Richard Traverso, who runs Adco Outdoor Advertising, is the successor in interest to four billboards along Highway 101 in San Mateo County. Permits had been awarded for the signs between the 1930s and 1972, but Caltrans canceled the permits during the mid-1970s. In November 1997, Traverso requested renewal of the one the permits, but Caltrans did not respond. He soon filed a lawsuit seeking to force Caltrans to renew all four permits, or to recover damages for inverse condemnation. (Traverso, in fact, filed about 20 lawsuits against Caltrans at the end of 1997 over old billboard permits.)
San Mateo County Superior Court Judge Rosemary Pfeiffer dismissed this lawsuit, and the First District, Division Four, upheld that decision.

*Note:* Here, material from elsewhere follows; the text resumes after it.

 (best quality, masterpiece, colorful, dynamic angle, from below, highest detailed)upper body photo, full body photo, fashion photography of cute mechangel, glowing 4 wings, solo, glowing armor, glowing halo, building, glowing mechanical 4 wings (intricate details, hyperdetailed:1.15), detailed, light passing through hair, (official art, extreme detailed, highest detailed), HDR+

At issue was the statute of limitations to challenge Caltrans decisions from the 1970s, the court held. Traverso argued that he was suing only over Caltrans' refusal to renew the permits in 1997, and that he was not seeking damages extending back to the earlier permit revocations. But the appellate court did not buy this argument.
"No matter how Traverso tries to slice it, however, this case involves setting aside permit revocations that occurred over 25 years ago," Justice Laurence Kay wrote for the unanimous three-judge panel. "[W]hile Traverso attempts to frame the issue in terms of Caltrans's alleged duty to renew or reissue the permits in 1997, he must overturn the original permit revocations."

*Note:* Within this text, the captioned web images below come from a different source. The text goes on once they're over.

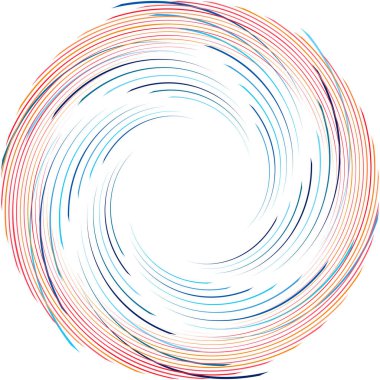 Soyut sarmal, girdap, dönme vektörü örtüşüyor. Volute, helix, koklear vertigo dairesel, geometrik çizim. Soyut çember
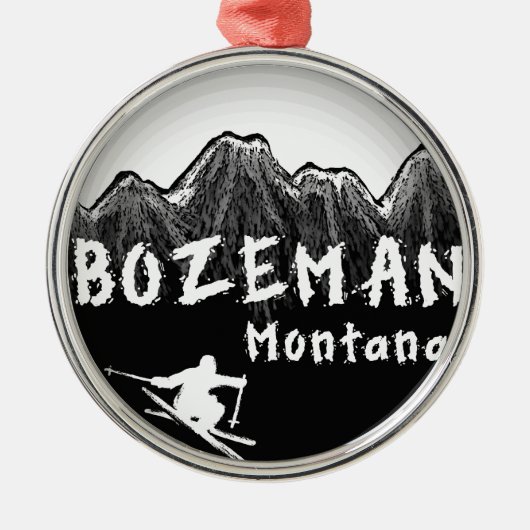 Bozeman Montana künstlerischer Skifahrer Silbernes Ornament (Vorne)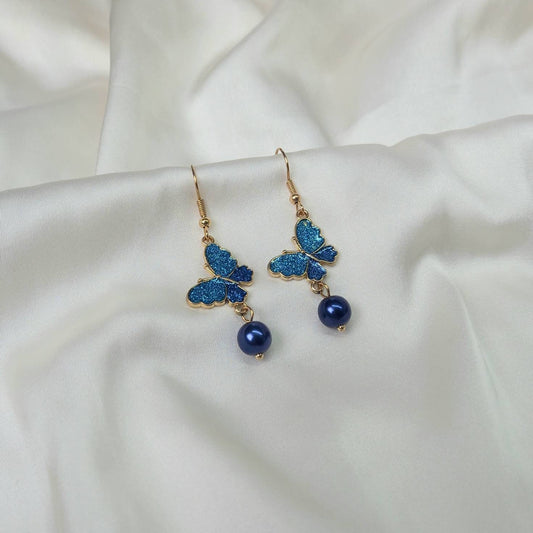 Blue Butterfly Drop Earrings - Lightweight Earrings,Blue Butterfly Earrings,Blue Earrings In The UK,Gold Butterfly Jewellery In The UK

Traverso argued that because the permits were canceled without due process, the revocation never actually occurred. At worst, he argued, the permits have expired but are still renewable. Again, the court said no.

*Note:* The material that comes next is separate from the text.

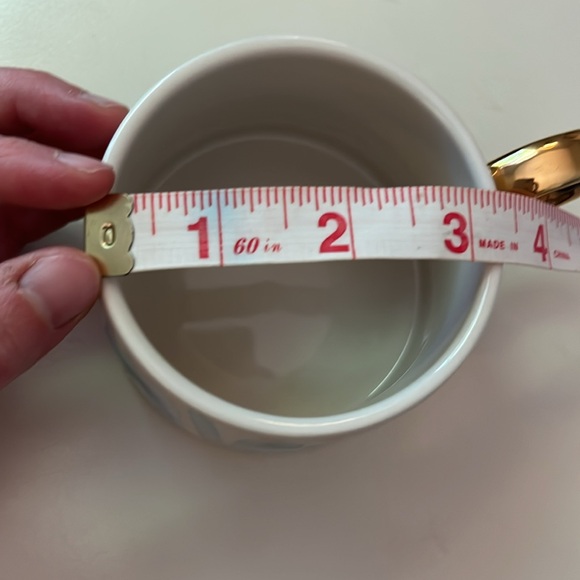 Anthropologie Blue Teal Drip Watercolor Night Sky Gold Ring Handle Mug - Picture 9 of 10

Even if Traverso's predecessors in interest were wronged by the Caltrans action, the time to contest the decision was within three to five years, depending upon the claim, the court held. The people who owned the billboards prior to Traverso could have raised the due process claims at the proper time, the court held.
"The permits were revoked as a matter of fact as alleged in the complaint, and they were revoked as a matter of law when the time for contesting the revocations passed," Kay wrote.
There is no basis, the court continued, for Traverso's alternative argument that the permits expired and he has a right to have them reinstated. "If that were the rule, then there would be no statute of limitations for wrongful takings," Kay wrote.
The only way to get past the statute of limitations is if the agency went well beyond its fundamental jurisdiction, the court held. In this case, "Caltrans unquestionably has the power to revoke billboard permits," the court ruled.
Richard Traverso v. Department of Transportation, No. A087456, 01 C.D.O.S. 2278, filed March 20, 2001.